# Am I going insane?



## TheCuttlefish (Sep 8, 2011)

Well... I moved into a new house about 5 years ago. Honestly, I always hated the place, I was never comfortable. I've always had feelings of random fever/being watched, stuff always gets moved (even right in front of my face) and I've seen dark figures watching me. I really don't think much when I see one of these "shadow folk" as it's been consistently happening for years. Once I even saw a pair of arms wrapping around me. And a few nights ago I randomly woke up at 1 or 2 in the morning. Downstairs I saw a dark figure about six feet tall, very broad body wearing a black robe. He (I'm assuming it's a male because of the thick build) promptly disappeared. I'm even hearing movement and smelling something burning as I'm typing this. I'm pretty scared, as I've been consistently sick for a few days and my parents deny everything that I told them... but they're _way_ too scientific and wouldn't even believe it if they saw it.
So anybody have any ideas what the hell is going on???


----------



## minerva83 (Jun 21, 2011)

Can't say exactly what's going on, but I've had similar experiences from about age 9 on. For me it seems to be trauma induced or at least exacerbated by trauma. I'm curious.. Do you suffer from hypnagogia and/or sleep paralysis? Hypnagogic episodes can really make you question your sanity and even make you think that you might be possessed.


----------



## TheCuttlefish (Sep 8, 2011)

minerva83 said:


> Can't say exactly what's going on, but I've had similar experiences from about age 9 on. For me it seems to be trauma induced or at least exacerbated by trauma. I'm curious.. Do you suffer from hypnagogia and/or sleep paralysis? Hypnagogic episodes can really make you question your sanity and even make you think that you might be possessed.

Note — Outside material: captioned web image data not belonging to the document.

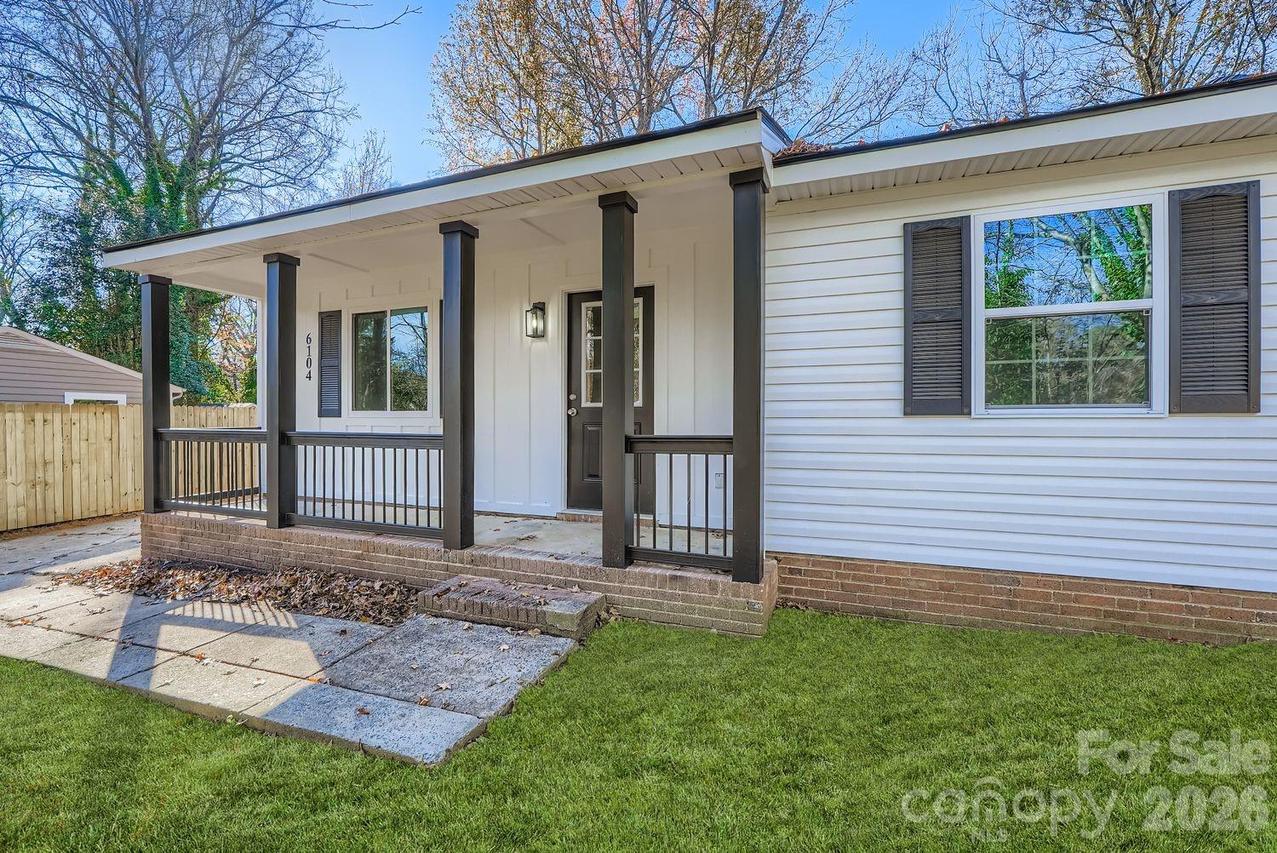 6104 Bridlewood Ln., Charlotte, NC 28215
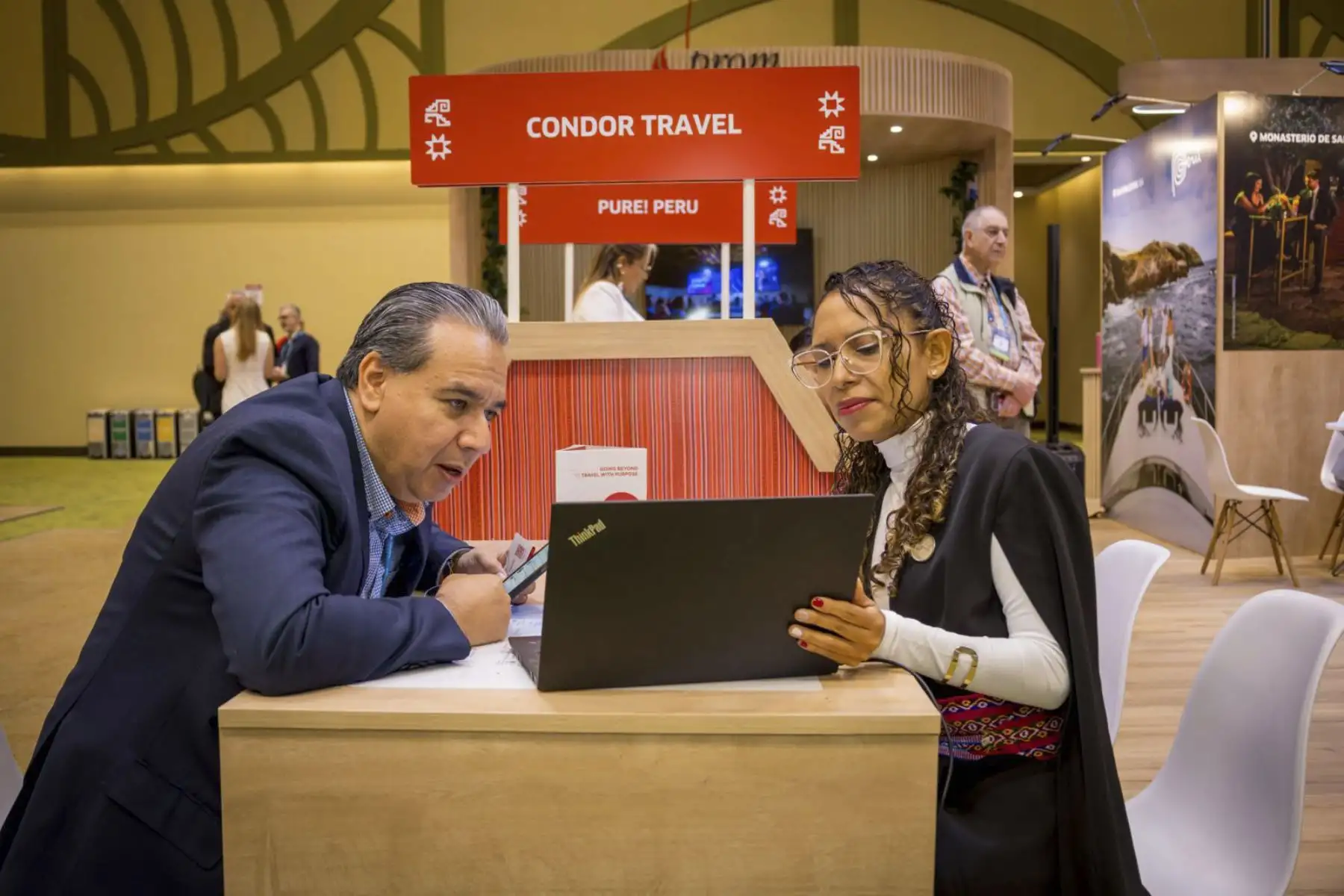 La Comisión de Promoción del Perú para la Exportación y el Turismo (PROMPERÚ) culminó exitosamente su participación en FIEXPO Latin America 2026, el principal evento de la industria de reuniones de América Latina y el Caribe, realizado del 9 al 12 de junio en San José, Costa Rica. Durante el encuentro, la delegación peruana, conformada por empresas del sector turismo y representantes de los burós de convenciones de Lima y Arequipa, concretó más de 370 citas de negocios con compradores y organizadores de eventos de América y Europa, generando una proyección de negocios estimada en US$ 5.8 millones. Foto: Promperú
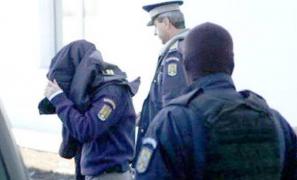Poliţist din Bistriţa recunoaşte după 3 ani că alerta hoţii de lemne despre controalele Poliţiei, cere înţelegere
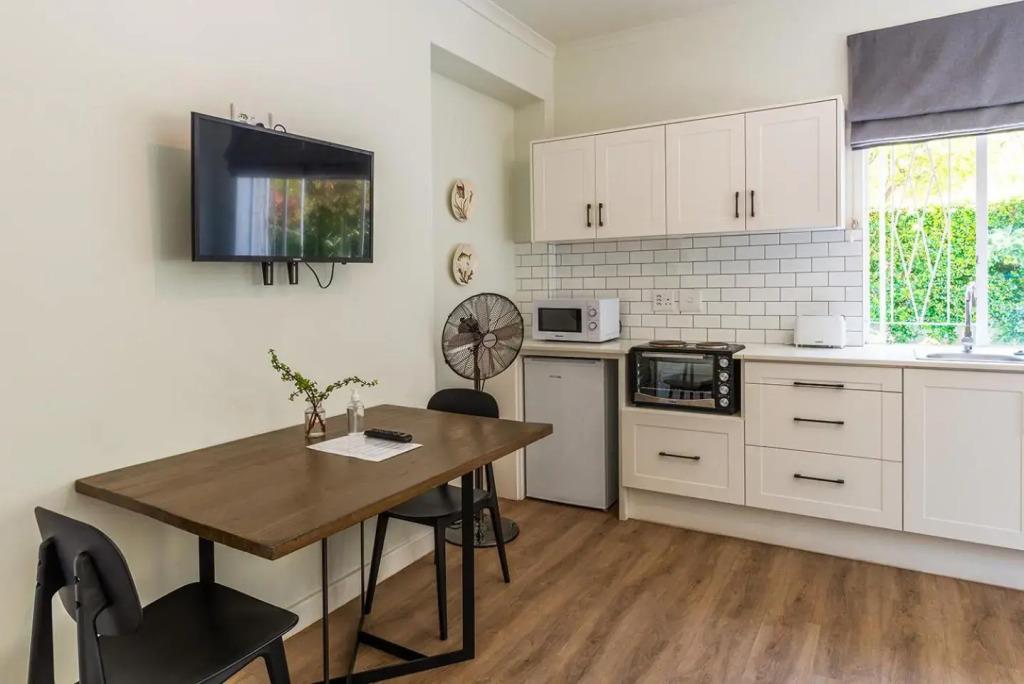 Oak Manor Boutique Guest House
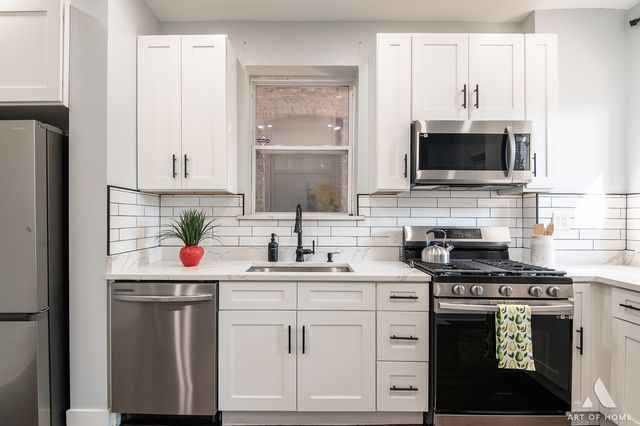 4937 S Prairie Avenue, Chicago, IL 60615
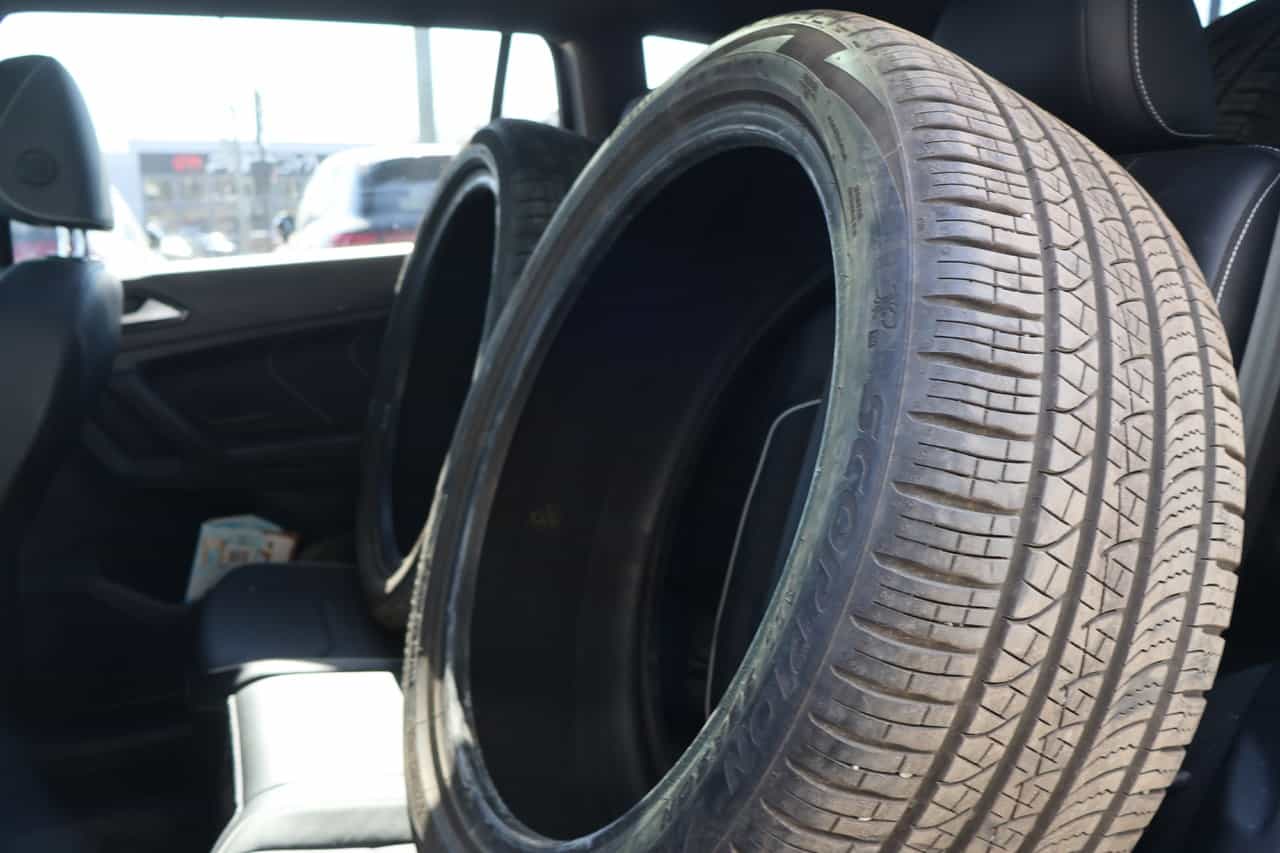 2022 Volkswagen Tiguan Highline R-Line - Image 10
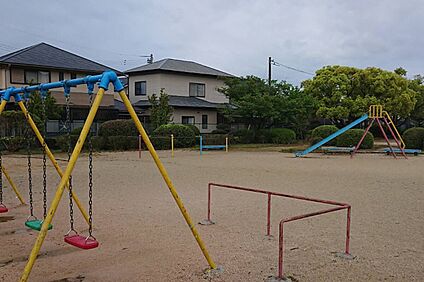 岩畠児童公園 900m(徒歩13分)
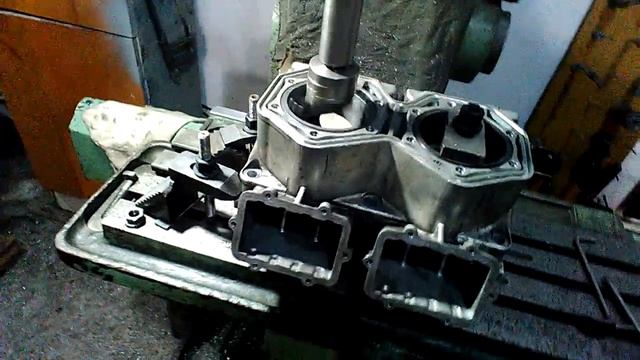 Растачивание цилиндра ROTAX 800 смотреть онлайн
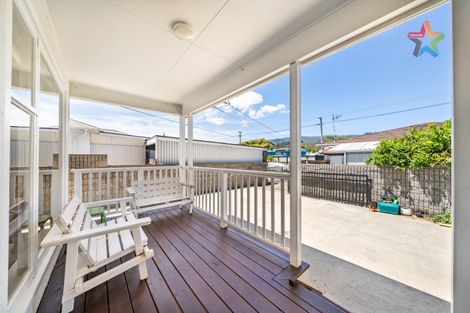 Photo of property in 1045 Fergusson Drive, Clouston Park, Upper Hutt, 5018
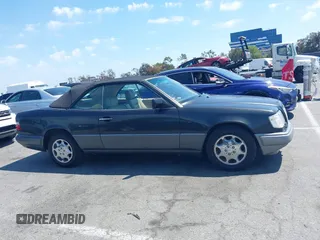 1994 Mercedes-Benz E 320 with VIN WDBEA66E7RC004579, listed as a IAAI auction lot 42170487 with 118,530 mi miles and . Bid and sale history available at DreamBid. Image 13.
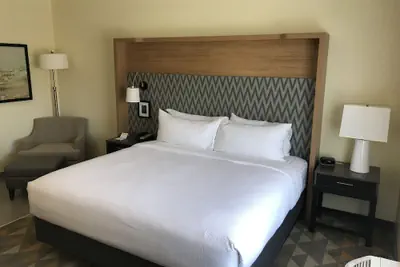 Photo 3 - Holiday Inn & Suites Arden - Asheville Airport by IHG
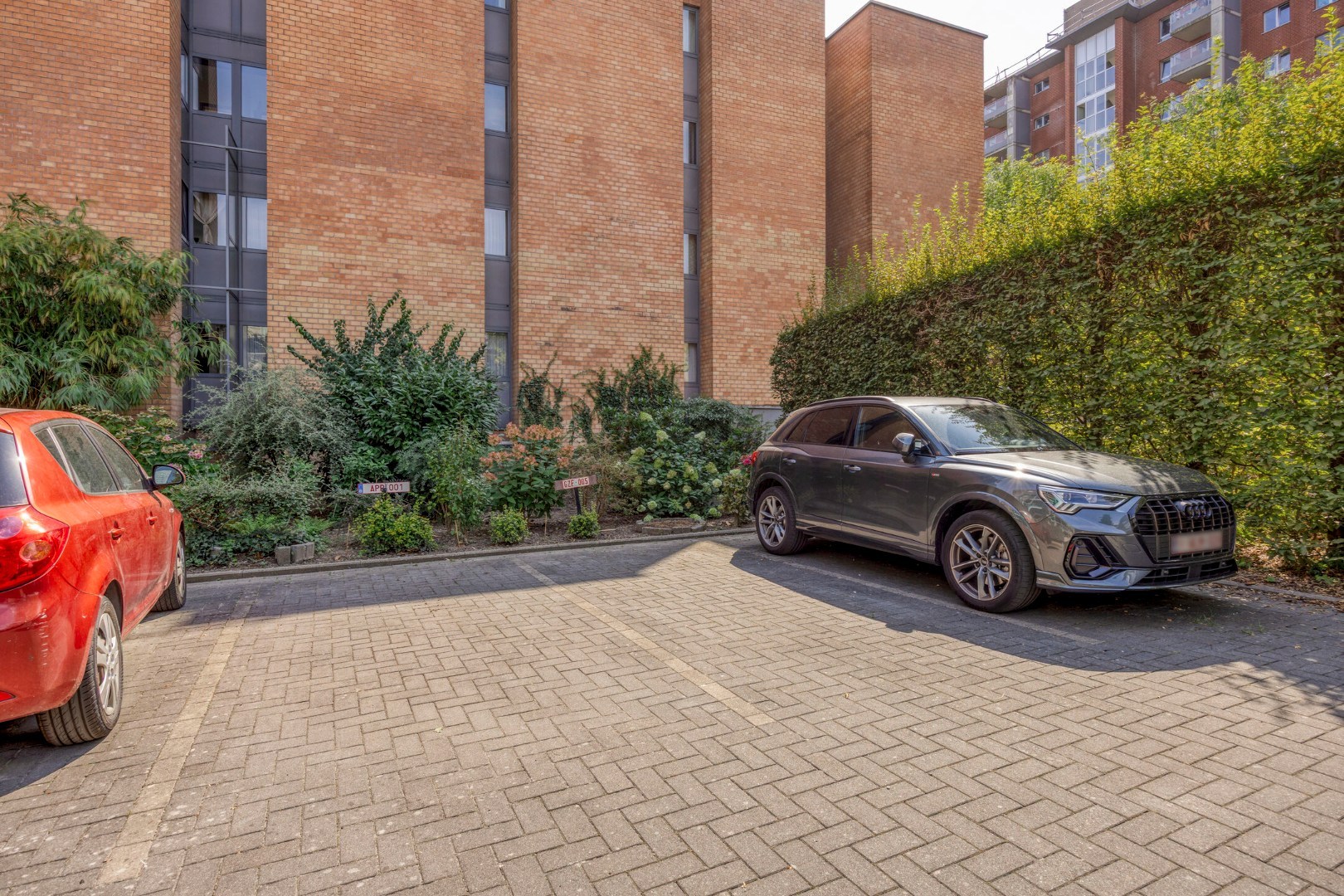 Gelijkvloers appartement met een terras van 50m²,  3 slaapkamers en staanplaats in het centrum van Leuven! - bewoonbare opp. 147m² 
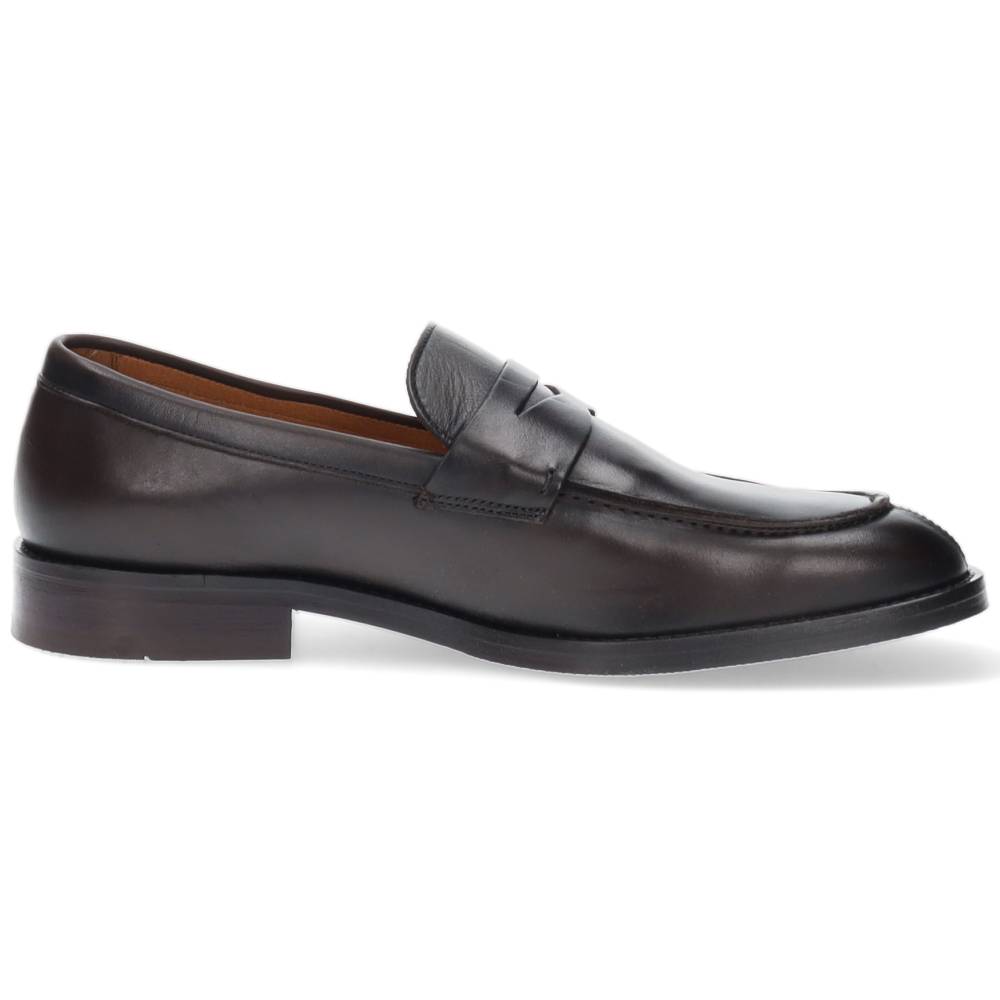 bruine geklede mocassin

I play around with lucid dreaming/out of body experiences, but I do have natural sleep paralysis from time to time. Nothing traumatic has happened to me, but I've heard that that kind of stuff can be passed down from a parent/ancestor... Well, I'm not sure. I just know _there's something in my fcking house._


----------



## Luke (Oct 17, 2010)

TheCuttlefish said:


> Well... I moved into a new house about 5 years ago. Honestly, I always hated the place, I was never comfortable. I've always had feelings of random fever/being watched, stuff always gets moved (even right in front of my face) and I've seen dark figures watching me. I really don't think much when I see one of these "shadow folk" as it's been consistently happening for years. Once I even saw a pair of arms wrapping around me. And a few nights ago I randomly woke up at 1 or 2 in the morning. Downstairs I saw a dark figure about six feet tall, very broad body wearing a black robe. He (I'm assuming it's a male because of the thick build) promptly disappeared. I'm even hearing movement and smelling something burning as I'm typing this. I'm pretty scared, as I've been consistently sick for a few days and my parents deny everything that I told them... but they're _way_ too scientific and wouldn't even believe it if they saw it.
> So anybody have any ideas what the hell is going on???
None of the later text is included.